_SUPPLIED DATA_.
▬▬▬▬▬▬▬▬▬▬

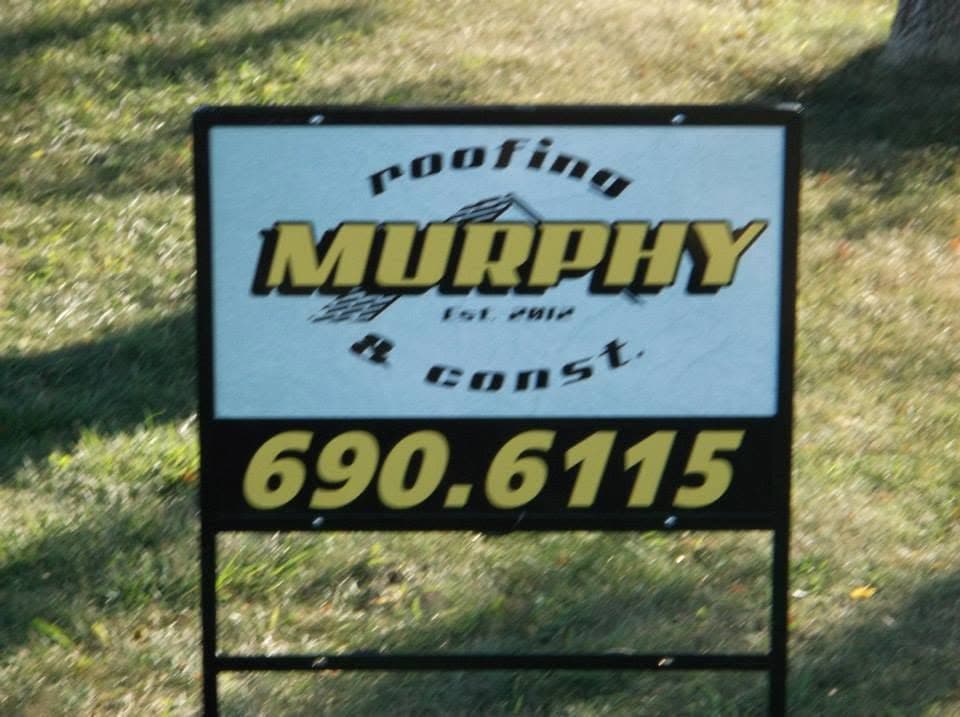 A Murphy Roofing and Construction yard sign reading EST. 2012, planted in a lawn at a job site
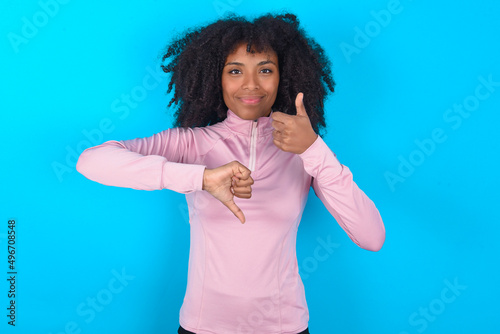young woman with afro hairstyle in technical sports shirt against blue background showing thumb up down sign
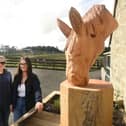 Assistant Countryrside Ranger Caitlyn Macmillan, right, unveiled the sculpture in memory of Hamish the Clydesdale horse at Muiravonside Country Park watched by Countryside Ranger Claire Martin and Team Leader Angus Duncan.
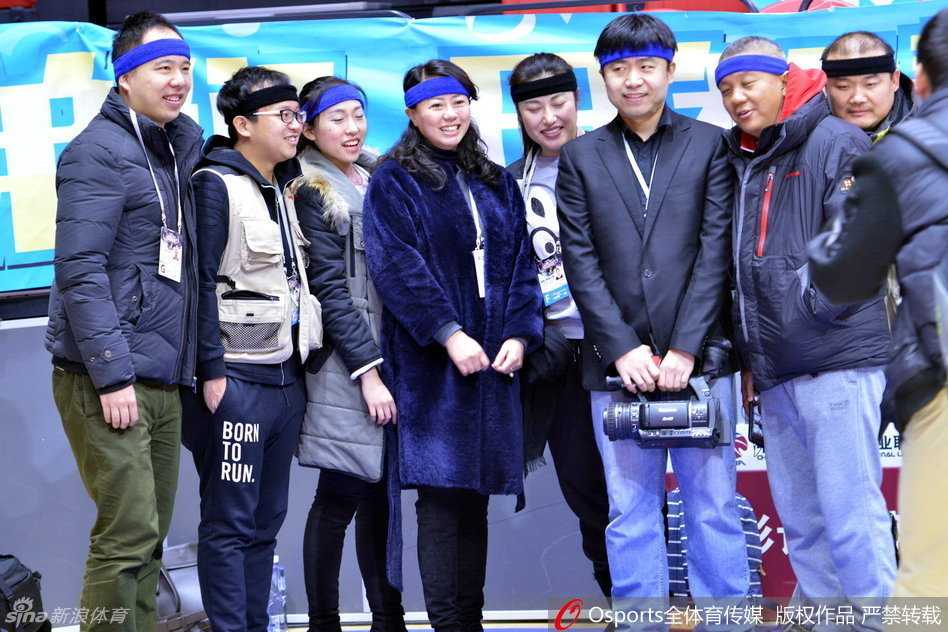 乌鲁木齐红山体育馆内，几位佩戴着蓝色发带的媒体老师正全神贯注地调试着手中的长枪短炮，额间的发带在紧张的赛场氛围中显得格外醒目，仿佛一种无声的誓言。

▬▬▬▬▬▬▬▬▬▬

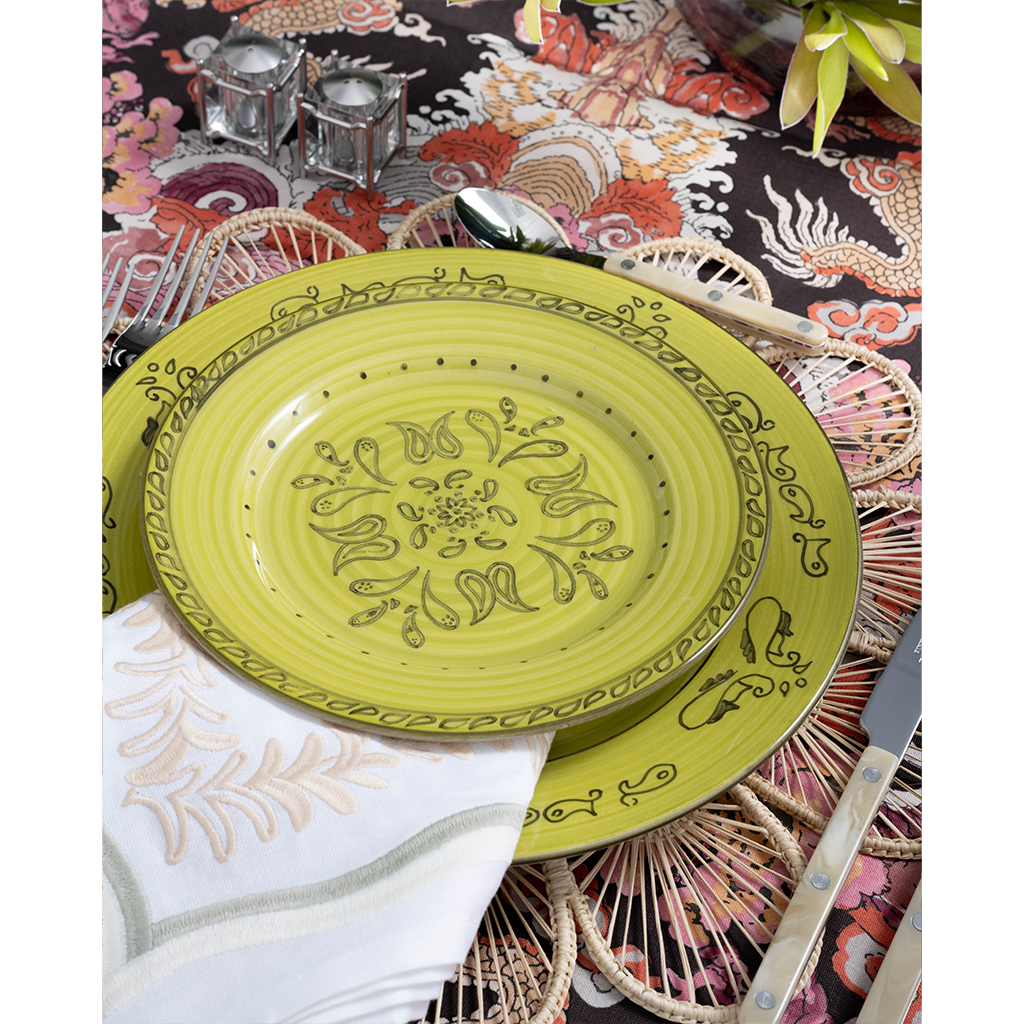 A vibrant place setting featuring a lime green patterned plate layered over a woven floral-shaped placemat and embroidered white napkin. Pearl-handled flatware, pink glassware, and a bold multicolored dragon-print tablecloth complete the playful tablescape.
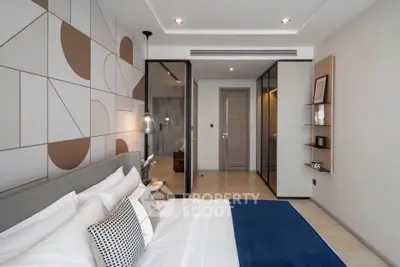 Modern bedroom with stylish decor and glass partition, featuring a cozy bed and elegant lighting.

▬▬▬▬▬▬▬▬▬▬

_EXERCISE DETAILS_. A clean copy is needed of the lines above from the one with "A Murphy Roofing" up to and including the one with "乌鲁木齐红山体育馆内，几位佩". Please set it down exactly, with no pictures.

_WRITTEN RESPONSE_.
 A Murphy Roofing and Construction yard sign reading EST. 2012, planted in a lawn at a job site
young woman with afro hairstyle in technical sports shirt against blue background showing thumb up down sign
 Assistant Countryrside Ranger Caitlyn Macmillan, right, unveiled the sculpture in memory of Hamish the Clydesdale horse at Muiravonside Country Park watched by Countryside Ranger Claire Martin and Team Leader Angus Duncan.
 乌鲁木齐红山体育馆内，几位佩戴着蓝色发带的媒体老师正全神贯注地调试着手中的长枪短炮，额间的发带在紧张的赛场氛围中显得格外醒目，仿佛一种无声的誓言。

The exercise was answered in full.